*PROBLEM DESCRIPTION*
For the records below, reproduce exactly the line that contains "Women’s sweatshirt with" and all subsequent lines, with nothing left out and nothing added.

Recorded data
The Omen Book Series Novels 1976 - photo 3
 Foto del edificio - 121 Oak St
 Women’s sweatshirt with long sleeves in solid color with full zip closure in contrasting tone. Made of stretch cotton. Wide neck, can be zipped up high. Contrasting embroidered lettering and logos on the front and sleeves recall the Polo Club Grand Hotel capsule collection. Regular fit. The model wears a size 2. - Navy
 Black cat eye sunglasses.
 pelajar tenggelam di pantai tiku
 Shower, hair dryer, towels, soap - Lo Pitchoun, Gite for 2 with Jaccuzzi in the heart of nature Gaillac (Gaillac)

*SOLUTION TO THE PROBLEM*
 Women’s sweatshirt with long sleeves in solid color with full zip closure in contrasting tone. Made of stretch cotton. Wide neck, can be zipped up high. Contrasting embroidered lettering and logos on the front and sleeves recall the Polo Club Grand Hotel capsule collection. Regular fit. The model wears a size 2. - Navy
 Black cat eye sunglasses.
 pelajar tenggelam di pantai tiku
 Shower, hair dryer, towels, soap - Lo Pitchoun, Gite for 2 with Jaccuzzi in the heart of nature Gaillac (Gaillac)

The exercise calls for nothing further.